Diplomata all’Accademia Silvio d’Amico di Roma, dopo gli esordi nel teatro come attrice Emma Dante abbraccia la regia con la compagnia Sud Costa Occidentale fondata nel 1999 a Palermo. Molto attiva nel teatro di prosa soprattutto con sue creazioni, esordisce nella regia lirica nel 2009 al Teatro alla Scala con Carmen sotto la direzione musicale di Daniel Barenboim. A questo sono seguiti numerosi allestimenti da La muta di Portici di Auber all’Opèra Comique di Parigi nel 2012 ripresa al Teatro Petruzzelli di Bari nel 2013 e premiata con l’Abbiati nel 2014, Feuersnot di Richard Strauss a Palermo nel 2014, Gisela! di Hans Werner Henze nel 2015 fino ai più recenti Nabucco alla Staatsoper di Berlino nel 2024, Giovanna d’Arco di Verdi a Parma e Salome di Strauss al Teatro del Maggio Musicale Fiorentino nel 2025. Fra i suoi prossimi impegni operistici, Manon Lescaut di Puccini all’Opéra de Lyon e il dittico mascagnano Rapsodia Satanica e Cavalleria Rusticana al Teatro Comunale di Bologna in marzo e Tancredi di Rossini al Teatro dell’Opera di Roma in maggio.

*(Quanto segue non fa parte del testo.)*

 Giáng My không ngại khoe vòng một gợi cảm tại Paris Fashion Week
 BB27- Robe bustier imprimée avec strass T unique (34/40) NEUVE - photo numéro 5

Alla Biennale di Venezia Emma Dante è stata presente nel 2004 con La scimia tratto da Le due zittelle di Tommaso Landolfi nell’elaborazione di Elena Stancanelli e con il film Via Castellana Bandera presentato alla Mostra del Cinema di Venezia nel 2013. Al prossimo Festival Internazionale del Teatro, in programma fra il 7 e il 21 giugno, la regista presenterà in prima assoluta I fantasmi di Basile, trilogia che riporta in scena La scortecata, Pupo di zucchero e Re Chicchinella tratta dai racconti dello scrittore napoletano Giambattista Basile. La cerimonia di premiazione avrà luogo nel corso del festival nella Sala delle Colonne di Ca’ Giustinian sede della Biennale di Venezia.
In passato il Leone d’oro alla carriera per il Teatro della Biennale è stato attribuito a Ferruccio Soleri (2006), Ariane Mnouchkine (2007), Roger Assaf (2008), Irene Papas (2009), Thomas Ostermeier (2011), Luca Ronconi (2012), Romeo Castellucci (2013), Jan Lauwers (2014), Christoph Marthaler (2015), Declan Donnellan (2016), Katrin Brack (2017), Antonio Rezza e Flavia Mastrella (2018), Jens Hillje (2019), Franco Visioli (2020), Krzysztof Warlikowski (2021); Christiane Jatahy (2022); Armando Punzo (2023), Back to Back Theatre (2024) e Elizabeth LeCompte (2025).